* Exercise requirements
Pictures stay out of the copy; set down each line of the listing below exactly.
--- --- ---
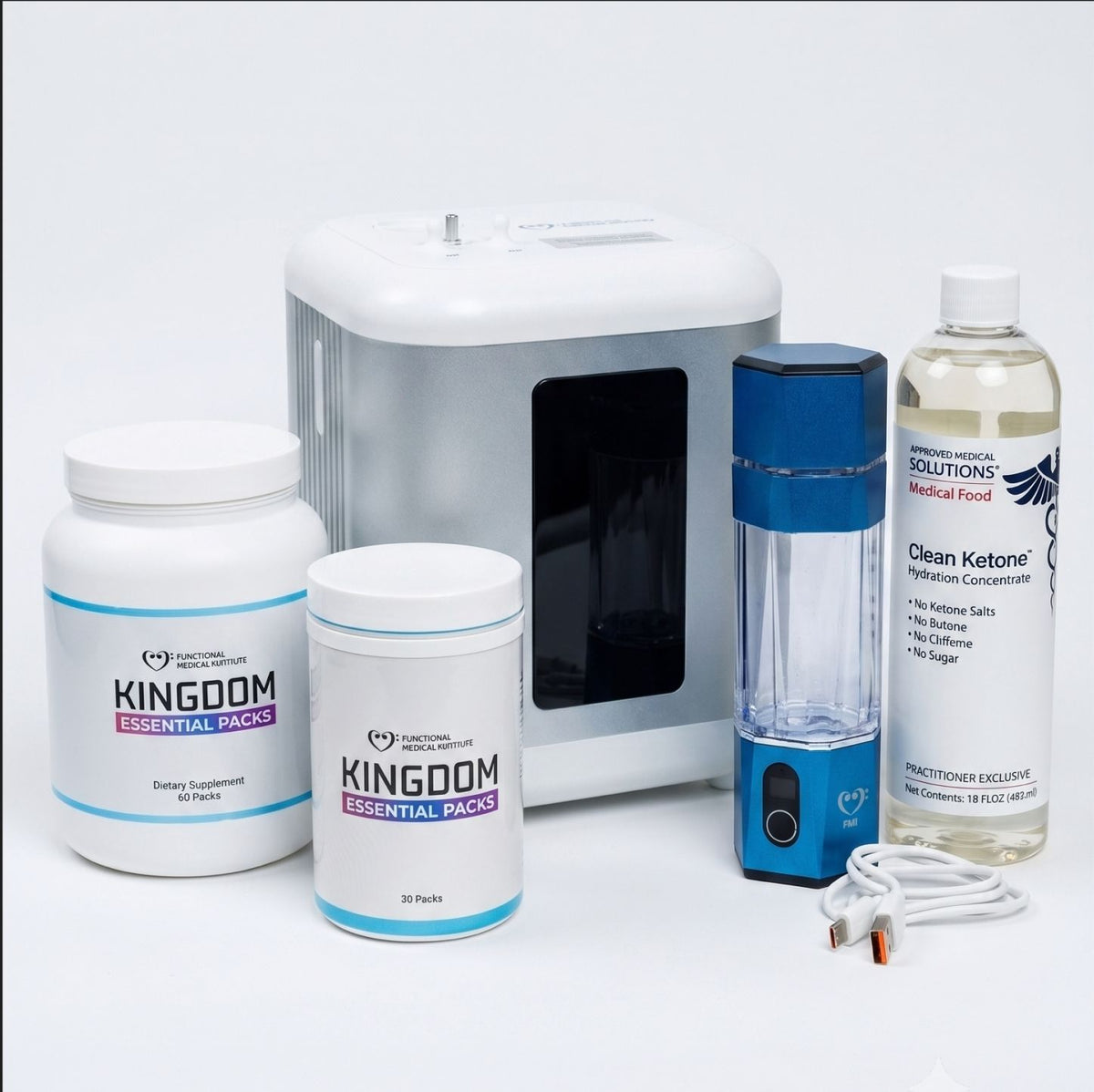Kingdom H2 vs. the Kingdom H2 Inhalation System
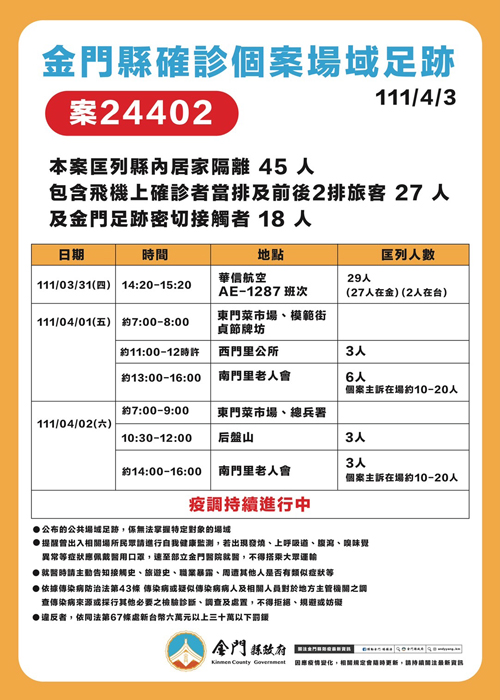 縣府公布確診個案最新狀況和場域4足跡，持續進行的疫調也將隨時公布和更新。（縣府提供）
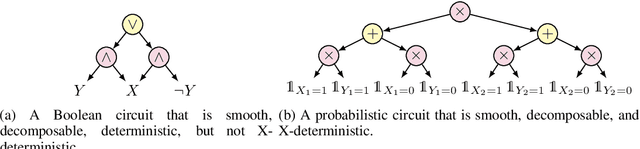 Figure 3 for A Compositional Atlas for Algebraic Circuits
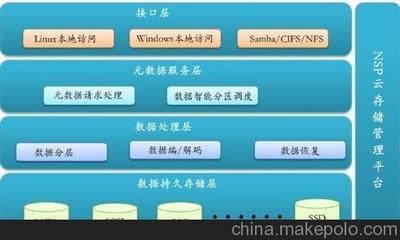 无锡深信服提供商 辰云科技 统一云存储文件系统图片,无锡深信服提供商 辰云科技 统一云存储文件系统图片大全,江苏辰云信息科技-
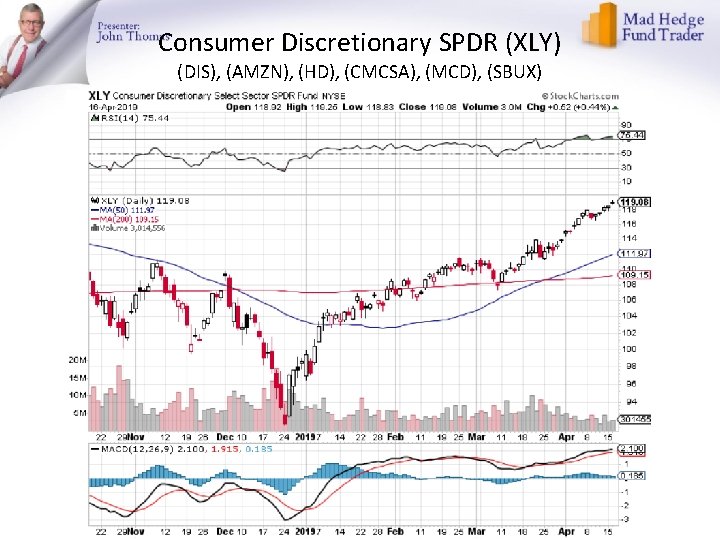 Consumer Discretionary SPDR (XLY) (DIS), (AMZN), (HD), (CMCSA), (MCD), (SBUX) 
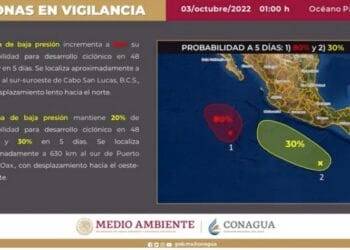 ¡Huracán “Orlene” arrecia con lluvias torrenciales a gran parte del país!
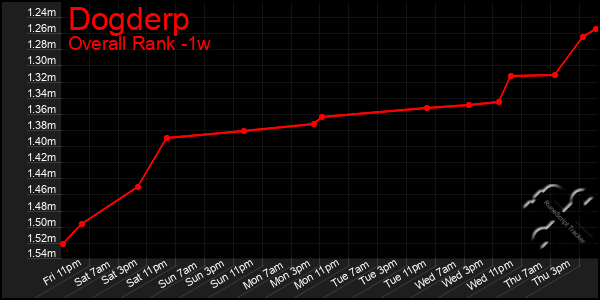 Last 7 Days Graph of Dogderp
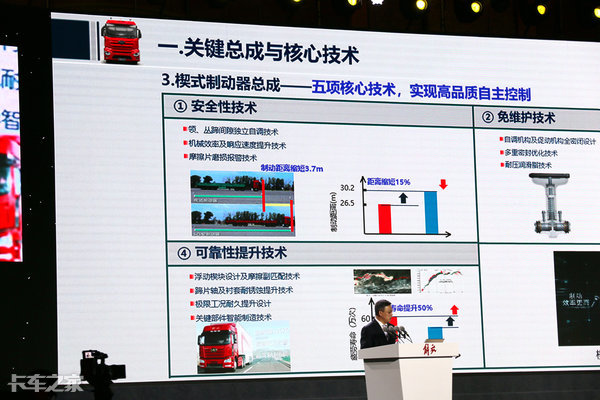 2019解放主推车型与新技术剧透：J7、国六、纯电动……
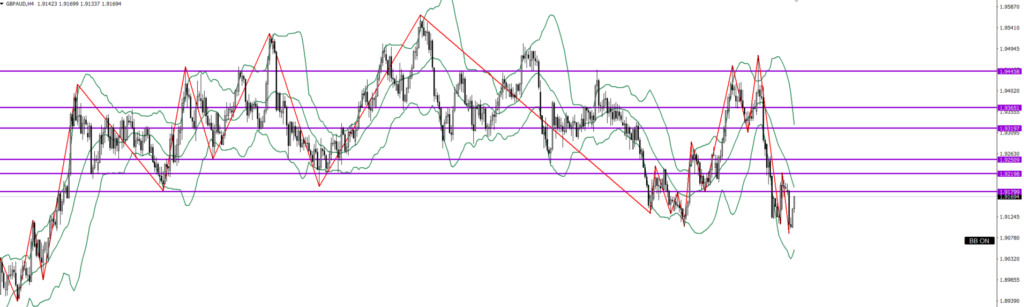 GBPAUD　4ｈ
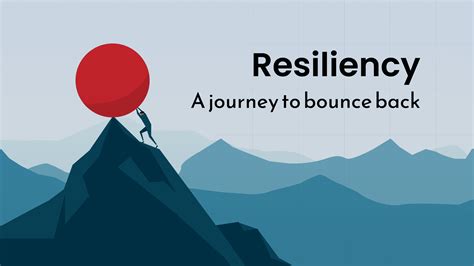 Cultivating Resilience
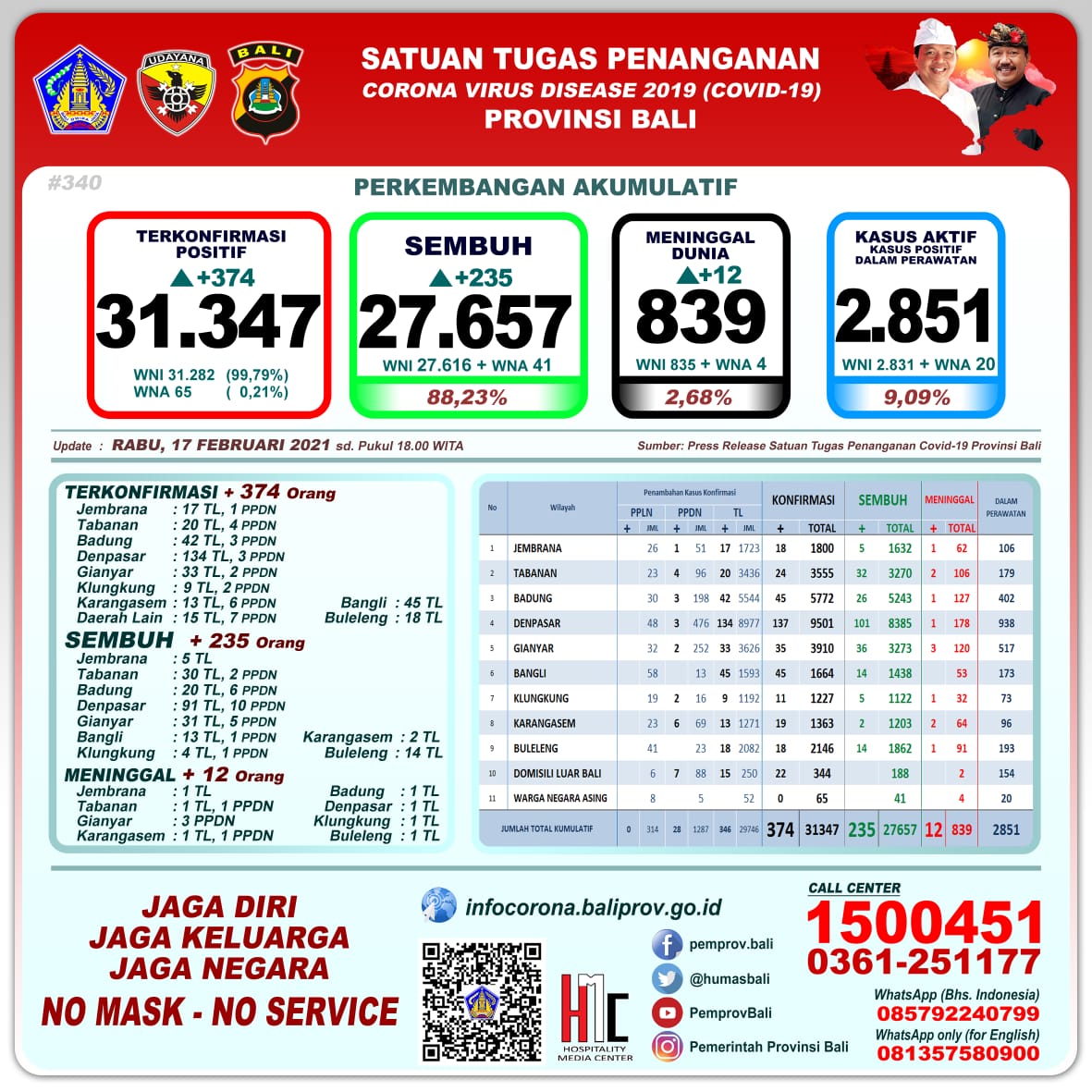 Bali Day by Day Covid 19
--- --- ---
* Answer section
Kingdom H2 vs. the Kingdom H2 Inhalation System
 縣府公布確診個案最新狀況和場域4足跡，持續進行的疫調也將隨時公布和更新。（縣府提供）
 Figure 3 for A Compositional Atlas for Algebraic Circuits
 无锡深信服提供商 辰云科技 统一云存储文件系统图片,无锡深信服提供商 辰云科技 统一云存储文件系统图片大全,江苏辰云信息科技-
 Consumer Discretionary SPDR (XLY) (DIS), (AMZN), (HD), (CMCSA), (MCD), (SBUX) 
 ¡Huracán “Orlene” arrecia con lluvias torrenciales a gran parte del país!
 Last 7 Days Graph of Dogderp
 2019解放主推车型与新技术剧透：J7、国六、纯电动……
 GBPAUD　4ｈ
 Cultivating Resilience
 Bali Day by Day Covid 19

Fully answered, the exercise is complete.